Data records:
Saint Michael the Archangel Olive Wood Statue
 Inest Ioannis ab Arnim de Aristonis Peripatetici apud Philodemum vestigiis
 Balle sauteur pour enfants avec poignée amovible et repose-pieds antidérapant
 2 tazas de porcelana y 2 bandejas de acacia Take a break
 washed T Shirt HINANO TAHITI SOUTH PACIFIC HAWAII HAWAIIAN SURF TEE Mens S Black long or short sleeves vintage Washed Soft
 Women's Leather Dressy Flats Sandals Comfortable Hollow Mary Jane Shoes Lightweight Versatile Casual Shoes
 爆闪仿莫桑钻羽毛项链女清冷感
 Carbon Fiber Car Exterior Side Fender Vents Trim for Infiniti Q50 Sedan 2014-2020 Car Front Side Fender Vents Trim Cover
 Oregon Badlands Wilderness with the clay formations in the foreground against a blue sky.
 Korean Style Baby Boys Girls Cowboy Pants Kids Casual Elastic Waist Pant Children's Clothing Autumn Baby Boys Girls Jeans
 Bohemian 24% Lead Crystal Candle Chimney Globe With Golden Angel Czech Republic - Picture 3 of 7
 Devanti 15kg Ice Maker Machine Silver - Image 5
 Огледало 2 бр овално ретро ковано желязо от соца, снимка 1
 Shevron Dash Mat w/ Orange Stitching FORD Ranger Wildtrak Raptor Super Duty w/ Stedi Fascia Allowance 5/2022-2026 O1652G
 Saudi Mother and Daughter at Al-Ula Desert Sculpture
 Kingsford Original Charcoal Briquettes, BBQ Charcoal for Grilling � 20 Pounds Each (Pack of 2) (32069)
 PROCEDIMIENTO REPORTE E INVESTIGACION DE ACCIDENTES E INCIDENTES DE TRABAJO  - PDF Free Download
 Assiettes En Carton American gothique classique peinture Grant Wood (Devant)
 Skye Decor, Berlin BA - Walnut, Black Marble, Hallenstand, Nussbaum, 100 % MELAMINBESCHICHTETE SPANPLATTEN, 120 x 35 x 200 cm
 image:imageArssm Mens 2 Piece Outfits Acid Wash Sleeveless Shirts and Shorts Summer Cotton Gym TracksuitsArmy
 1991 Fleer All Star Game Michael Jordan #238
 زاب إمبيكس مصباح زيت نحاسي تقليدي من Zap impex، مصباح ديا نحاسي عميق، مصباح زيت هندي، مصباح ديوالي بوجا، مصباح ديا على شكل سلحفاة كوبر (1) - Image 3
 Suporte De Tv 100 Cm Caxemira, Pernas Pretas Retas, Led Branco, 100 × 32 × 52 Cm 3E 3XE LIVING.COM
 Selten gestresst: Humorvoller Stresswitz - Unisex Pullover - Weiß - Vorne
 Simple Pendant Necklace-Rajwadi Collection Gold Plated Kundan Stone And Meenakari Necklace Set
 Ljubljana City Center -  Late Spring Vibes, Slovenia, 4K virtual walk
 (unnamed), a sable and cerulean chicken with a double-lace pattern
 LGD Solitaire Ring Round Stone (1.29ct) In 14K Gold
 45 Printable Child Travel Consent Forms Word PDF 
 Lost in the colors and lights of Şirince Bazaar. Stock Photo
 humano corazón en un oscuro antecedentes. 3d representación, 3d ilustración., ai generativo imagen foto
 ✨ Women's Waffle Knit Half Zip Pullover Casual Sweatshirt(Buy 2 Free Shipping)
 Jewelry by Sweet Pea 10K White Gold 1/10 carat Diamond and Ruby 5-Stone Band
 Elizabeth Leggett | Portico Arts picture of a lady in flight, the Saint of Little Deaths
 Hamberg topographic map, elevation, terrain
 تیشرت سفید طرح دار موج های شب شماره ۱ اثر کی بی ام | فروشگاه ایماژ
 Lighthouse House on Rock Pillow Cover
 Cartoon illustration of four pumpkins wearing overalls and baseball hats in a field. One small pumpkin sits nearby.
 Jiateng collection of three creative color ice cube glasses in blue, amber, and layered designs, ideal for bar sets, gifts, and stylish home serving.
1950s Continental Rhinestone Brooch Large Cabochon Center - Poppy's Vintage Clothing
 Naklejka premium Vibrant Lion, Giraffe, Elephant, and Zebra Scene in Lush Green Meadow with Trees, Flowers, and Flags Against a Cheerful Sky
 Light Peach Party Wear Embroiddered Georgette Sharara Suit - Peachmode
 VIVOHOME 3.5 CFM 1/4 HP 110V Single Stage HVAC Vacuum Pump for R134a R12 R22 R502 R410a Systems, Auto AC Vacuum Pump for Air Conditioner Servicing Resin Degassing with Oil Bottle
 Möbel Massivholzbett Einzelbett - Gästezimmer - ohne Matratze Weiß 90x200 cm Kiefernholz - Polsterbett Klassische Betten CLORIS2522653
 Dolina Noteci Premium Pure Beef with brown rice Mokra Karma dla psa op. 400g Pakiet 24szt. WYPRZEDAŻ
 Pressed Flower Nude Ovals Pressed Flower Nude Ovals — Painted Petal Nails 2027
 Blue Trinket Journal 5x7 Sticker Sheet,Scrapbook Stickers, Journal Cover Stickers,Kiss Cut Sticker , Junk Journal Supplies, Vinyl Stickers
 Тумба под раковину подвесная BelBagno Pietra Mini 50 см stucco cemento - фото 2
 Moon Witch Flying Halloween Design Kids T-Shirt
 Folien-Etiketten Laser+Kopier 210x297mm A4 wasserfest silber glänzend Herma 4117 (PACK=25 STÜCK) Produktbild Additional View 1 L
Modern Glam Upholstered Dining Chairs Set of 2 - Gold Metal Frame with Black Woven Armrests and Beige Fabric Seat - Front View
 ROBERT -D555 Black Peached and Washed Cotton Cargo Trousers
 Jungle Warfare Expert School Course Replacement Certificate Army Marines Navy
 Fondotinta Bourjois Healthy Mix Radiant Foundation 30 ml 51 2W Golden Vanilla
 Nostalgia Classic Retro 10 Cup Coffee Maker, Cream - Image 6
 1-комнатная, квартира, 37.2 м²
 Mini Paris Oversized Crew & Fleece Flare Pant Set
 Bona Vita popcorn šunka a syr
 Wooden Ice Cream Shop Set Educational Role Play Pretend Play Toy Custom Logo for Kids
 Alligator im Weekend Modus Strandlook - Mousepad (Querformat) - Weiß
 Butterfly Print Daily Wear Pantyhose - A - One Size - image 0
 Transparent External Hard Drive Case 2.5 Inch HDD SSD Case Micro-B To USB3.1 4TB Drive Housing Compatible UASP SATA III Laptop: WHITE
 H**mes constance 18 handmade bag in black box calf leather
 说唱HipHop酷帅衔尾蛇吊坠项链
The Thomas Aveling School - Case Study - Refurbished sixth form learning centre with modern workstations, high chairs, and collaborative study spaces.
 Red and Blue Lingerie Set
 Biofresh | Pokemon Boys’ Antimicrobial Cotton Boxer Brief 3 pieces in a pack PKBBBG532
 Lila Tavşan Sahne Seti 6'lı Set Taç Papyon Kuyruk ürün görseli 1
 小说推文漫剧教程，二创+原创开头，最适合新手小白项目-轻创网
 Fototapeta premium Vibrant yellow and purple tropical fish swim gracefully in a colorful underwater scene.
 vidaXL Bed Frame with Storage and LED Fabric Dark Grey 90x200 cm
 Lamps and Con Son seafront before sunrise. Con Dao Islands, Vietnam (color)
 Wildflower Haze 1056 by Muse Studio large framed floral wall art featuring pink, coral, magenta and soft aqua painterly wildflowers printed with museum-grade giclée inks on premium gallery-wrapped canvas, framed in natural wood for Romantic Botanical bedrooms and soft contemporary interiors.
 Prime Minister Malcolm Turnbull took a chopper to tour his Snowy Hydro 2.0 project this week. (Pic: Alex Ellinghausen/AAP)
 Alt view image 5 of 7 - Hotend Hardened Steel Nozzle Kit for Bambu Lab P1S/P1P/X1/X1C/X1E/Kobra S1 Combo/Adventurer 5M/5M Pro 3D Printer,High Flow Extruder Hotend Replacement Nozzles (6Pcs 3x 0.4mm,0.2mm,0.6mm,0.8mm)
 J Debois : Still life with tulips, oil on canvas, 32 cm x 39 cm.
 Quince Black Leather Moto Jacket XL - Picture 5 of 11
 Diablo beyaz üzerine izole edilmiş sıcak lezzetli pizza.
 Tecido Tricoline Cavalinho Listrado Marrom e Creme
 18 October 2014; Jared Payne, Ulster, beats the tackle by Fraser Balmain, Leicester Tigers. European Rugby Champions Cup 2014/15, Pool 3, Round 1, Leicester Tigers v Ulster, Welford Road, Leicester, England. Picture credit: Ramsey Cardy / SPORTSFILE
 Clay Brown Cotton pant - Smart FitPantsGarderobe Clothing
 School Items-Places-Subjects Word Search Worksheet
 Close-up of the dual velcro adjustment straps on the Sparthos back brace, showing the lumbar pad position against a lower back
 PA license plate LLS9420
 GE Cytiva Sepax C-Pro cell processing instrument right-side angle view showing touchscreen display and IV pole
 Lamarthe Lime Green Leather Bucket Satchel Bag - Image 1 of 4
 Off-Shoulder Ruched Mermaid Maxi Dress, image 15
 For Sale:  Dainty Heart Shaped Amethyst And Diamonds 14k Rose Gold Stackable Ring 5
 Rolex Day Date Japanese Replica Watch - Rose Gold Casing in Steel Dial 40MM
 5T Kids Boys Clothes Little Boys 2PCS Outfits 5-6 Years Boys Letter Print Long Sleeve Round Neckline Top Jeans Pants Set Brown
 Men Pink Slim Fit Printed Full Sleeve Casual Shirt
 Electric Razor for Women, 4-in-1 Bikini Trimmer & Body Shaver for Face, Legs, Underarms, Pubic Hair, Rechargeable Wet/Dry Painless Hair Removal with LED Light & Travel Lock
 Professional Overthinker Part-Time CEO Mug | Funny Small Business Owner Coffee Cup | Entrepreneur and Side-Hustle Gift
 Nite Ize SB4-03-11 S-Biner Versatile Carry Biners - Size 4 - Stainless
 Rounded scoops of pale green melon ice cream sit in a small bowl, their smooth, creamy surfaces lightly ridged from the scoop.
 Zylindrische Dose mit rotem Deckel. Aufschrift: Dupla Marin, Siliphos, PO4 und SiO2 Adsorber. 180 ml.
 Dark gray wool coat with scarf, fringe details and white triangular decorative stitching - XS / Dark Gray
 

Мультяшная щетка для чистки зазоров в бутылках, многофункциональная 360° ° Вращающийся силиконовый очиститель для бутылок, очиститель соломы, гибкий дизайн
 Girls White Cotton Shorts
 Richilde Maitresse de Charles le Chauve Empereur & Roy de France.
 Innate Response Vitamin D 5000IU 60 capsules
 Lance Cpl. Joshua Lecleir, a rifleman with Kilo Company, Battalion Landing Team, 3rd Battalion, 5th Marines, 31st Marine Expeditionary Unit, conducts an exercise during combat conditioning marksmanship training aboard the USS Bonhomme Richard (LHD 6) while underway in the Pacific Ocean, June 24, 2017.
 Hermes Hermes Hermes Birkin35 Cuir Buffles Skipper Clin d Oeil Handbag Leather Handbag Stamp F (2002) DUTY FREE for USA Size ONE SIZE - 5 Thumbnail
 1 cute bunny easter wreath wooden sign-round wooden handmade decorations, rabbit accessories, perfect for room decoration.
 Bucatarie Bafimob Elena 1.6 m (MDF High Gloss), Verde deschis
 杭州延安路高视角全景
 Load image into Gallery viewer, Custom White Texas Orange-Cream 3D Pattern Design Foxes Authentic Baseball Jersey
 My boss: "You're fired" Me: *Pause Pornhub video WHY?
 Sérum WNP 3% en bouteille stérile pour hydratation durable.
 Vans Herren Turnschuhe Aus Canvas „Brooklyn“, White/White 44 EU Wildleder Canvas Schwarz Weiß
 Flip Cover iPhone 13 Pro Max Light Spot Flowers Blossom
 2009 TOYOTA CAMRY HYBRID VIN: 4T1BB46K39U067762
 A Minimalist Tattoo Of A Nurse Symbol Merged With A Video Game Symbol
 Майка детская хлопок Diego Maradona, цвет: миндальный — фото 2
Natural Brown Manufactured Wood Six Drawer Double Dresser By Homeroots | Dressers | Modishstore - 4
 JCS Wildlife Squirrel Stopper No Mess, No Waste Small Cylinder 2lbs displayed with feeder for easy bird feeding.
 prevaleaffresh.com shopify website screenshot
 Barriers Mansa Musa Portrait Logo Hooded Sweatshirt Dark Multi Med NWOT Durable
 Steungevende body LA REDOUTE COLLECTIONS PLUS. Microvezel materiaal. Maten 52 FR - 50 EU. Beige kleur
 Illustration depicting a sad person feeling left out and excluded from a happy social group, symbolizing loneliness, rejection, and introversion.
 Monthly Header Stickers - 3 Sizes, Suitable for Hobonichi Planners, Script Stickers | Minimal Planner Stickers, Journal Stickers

» Brief:
Copy the lines above exactly. Start with the line containing "Load image into", end with the line containing "Sérum WNP 3%", and include both.

» Task output:
 Load image into Gallery viewer, Custom White Texas Orange-Cream 3D Pattern Design Foxes Authentic Baseball Jersey
 My boss: "You're fired" Me: *Pause Pornhub video WHY?
 Sérum WNP 3% en bouteille stérile pour hydratation durable.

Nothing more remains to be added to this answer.